What’s new: Google Brain researchers C. Daniel Freeman, Luke Metz, and David Ha enabled an agent to build a world model by blindfolding it as it learned to accomplish tasks. They call their approach observational dropout.
Key insight: Blocking an agent’s observations of the world at random moments forces it to generate its own internal representation to fill in the gaps. The agent learns this representation without being instructed to predict how the environment will change in response to its actions.
How it works: At every timestep, the agent acts on either its observation (framed in red in the video above) or its prediction of what it wasn’t able to observe (imagery not framed in red). The agent contains a controller that decides on the most rewarding action. To compute the potential reward of a given action, the agent includes an additional deep net trained using the RL algorithm REINFORCE.
- Observational dropout blocks the agent from observing the environment according to a user-defined probability. When this happens, the agent predicts an observation.
- If random blindfolding blocks several observations in a row, the agent uses its most recent prediction to generate the next one.

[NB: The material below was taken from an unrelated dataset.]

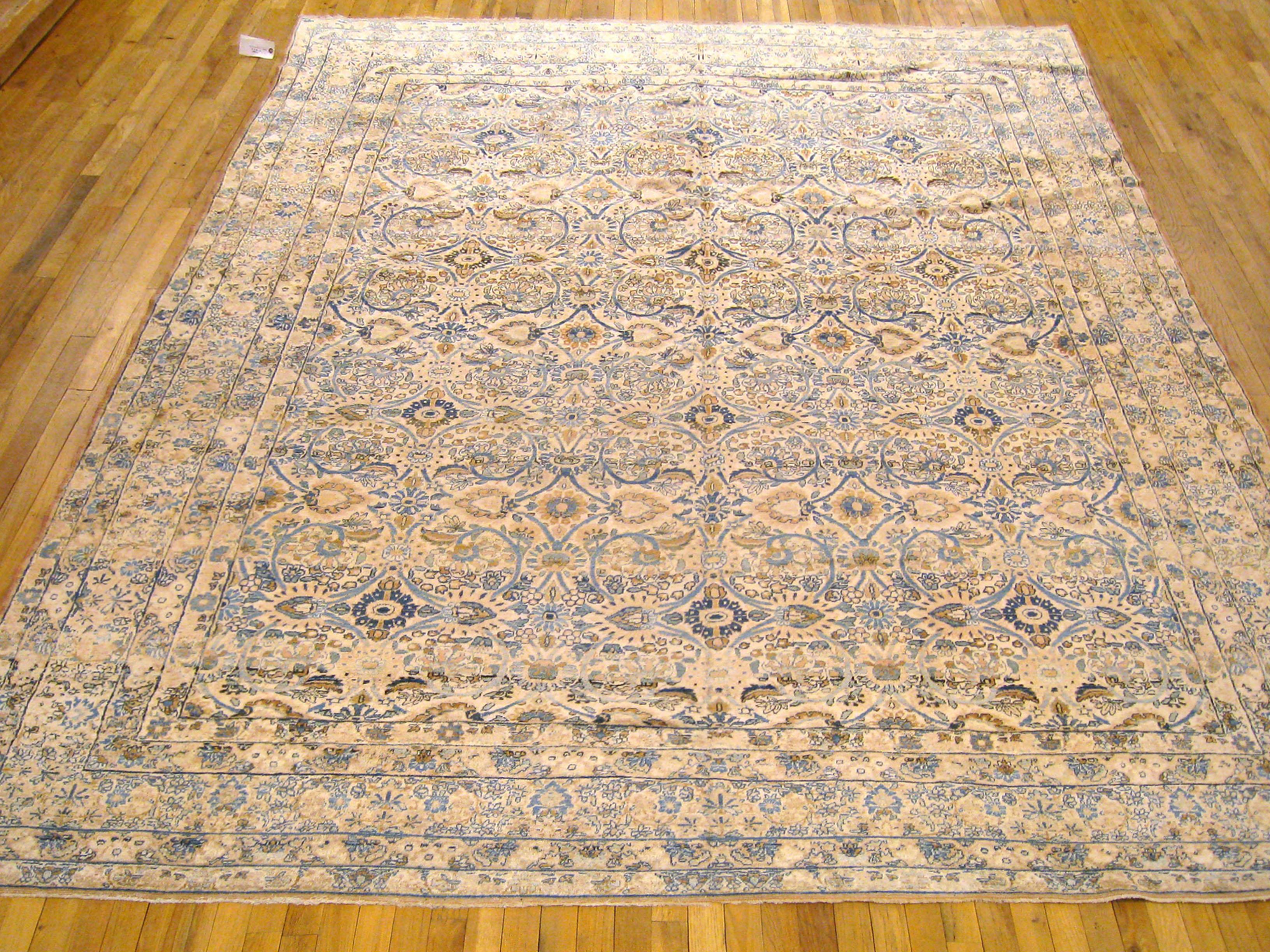 Antique Persian Lavar oriental carpet, Room Size, circa 1900

An antique Persian Lavar oriental carpet, size: 11'1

- This procedure over many iterations produces a sequence of observations and predictions. The agent learns from this sequence, and its ability to predict blocked observations is tantamount to a world model.
Results: Observational dropout solved the task known as Cartpole, in which the model must balance a pole upright on a rolling cart, even when its view of the world was blocked 90 percent of the time. In a more complex Car Racing task, in which a model must navigate a car around a track as fast as possible, the model performed almost equally well whether it was allowed to see its surroundings or blindfolded up to 60 percent of the time.

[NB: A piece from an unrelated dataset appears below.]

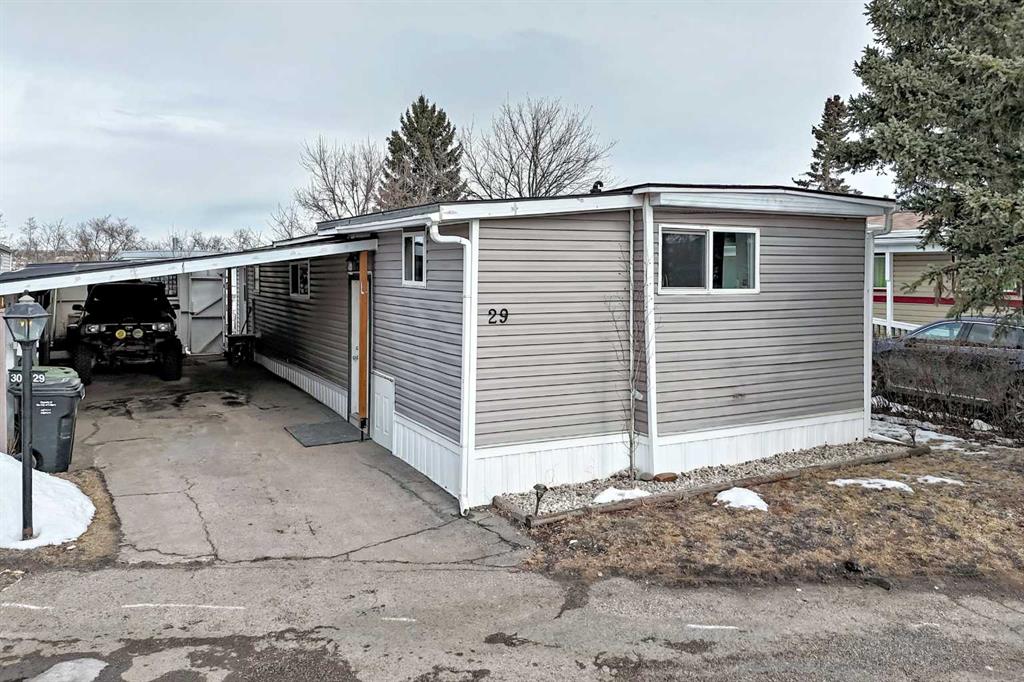 Picture of 29, 3223 83 Street NW, Calgary Real Estate Listing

Why it matters: Modeling reality is often part art and part science. World models generated by observational dropout aren’t perfect representations, but they’re sufficient for some tasks. This work could lead to simple-but-effective world models of complex environments that are impractical to model completely.
We’re thinking: Technology being imperfect, observational dropout is a fact of life, not just a research technique. A self-driving car or auto-piloted airplane reliant on sensors that drop data points could create a catastrophe. This technique could make high-stakes RL models more robust.